Les principaux supermarchés français vendront du carburant à prix coûtant ce week-end
Les prix restent plus élevés que d’habitude malgré les récentes baisses
Deux des plus grandes chaînes de supermarchés françaises lancent des opérations de carburant « à prix coûtant » pendant le premier week-end des escapades estivales, car les prix du carburant restent plus élevés que d’habitude malgré les récentes baisses.
Le groupe Mousquetaires, propriétaire d’Intermarché et de Netto, vendra du carburant à prix coûtant sur ses parvis demain (vendredi 3 juillet) et samedi (4 juillet). L’offre couvre l’essence (SP95, SP98, E10) et le diesel, mais pas le superéthanol E85 ni le GPL.
Aucun bon ni inscription n’est requis.
Le numéro un français de la grande distribution de carburant, E.Leclerc, a annoncé une opération similaire pour les mêmes dates, couvrant 711 de ses stations-service sur tout le territoire. L’offre de Leclerc comprend également du superéthanol-E85, aux côtés de l’essence et du diesel.
Michel-Édouard Leclerc, président du groupe, a déclaré que cette mesure visait à soutenir le pouvoir d’achat des ménages lors de leurs départs en vacances, soulignant l’impact du récent conflit en Iran sur les prix à la pompe.
Dans une nouvelle tentative de maintenir les prix des carburants à un niveau bas, le directeur général de TotalEnergies, Patrick Pouyanné annoncé en juin qu’ils continueront à plafonner les prix des carburants dans des milliers de stations-service en France et notamment dans les zones rurales.
Pourquoi les prix sont-ils toujours élevés ?
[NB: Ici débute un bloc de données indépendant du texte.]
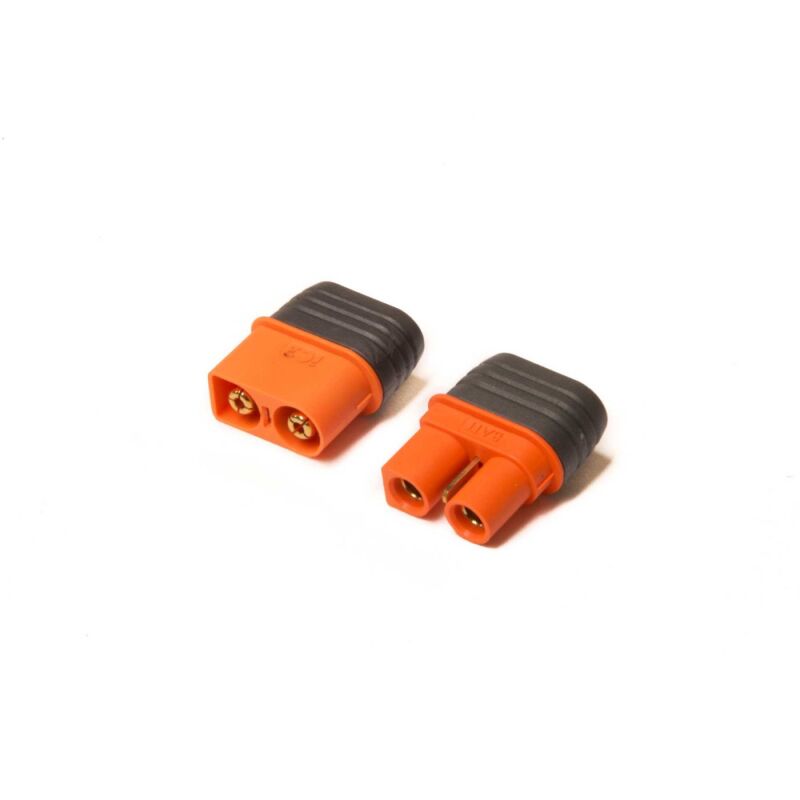 IC3 Buchse und Stecker (1 Paar)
Les prix du carburant sont en baisse en France, notamment depuis que les États-Unis et l’Iran ont signé un accord visant à mettre fin au conflit au Moyen-Orient.
Selon le site de comparaison de prix Carbu.com, le 26 juin, le diesel coûtait en moyenne 1,887 € le litre et le sans plomb 95-E10, 1,893 € en moyenne, en baisse respectivement de 22,3 cents et 15,8 cents au cours du mois dernier.
Le carburant est autour de son prix le plus bas en France depuis février. Pour autant, les prix ne sont pas totalement revenus à la normale.
Thierry Cotillard, patron du groupe Mousquetaires, a déclaré à la radio française CMR:
« Nous avons connu le pire de la crise, à 2,40 euros le litre. Nous sommes à 1,90 euros maintenant, donc c’est 50 centimes de moins. Mais nous sommes toujours 20 centimes au-dessus des niveaux normaux. »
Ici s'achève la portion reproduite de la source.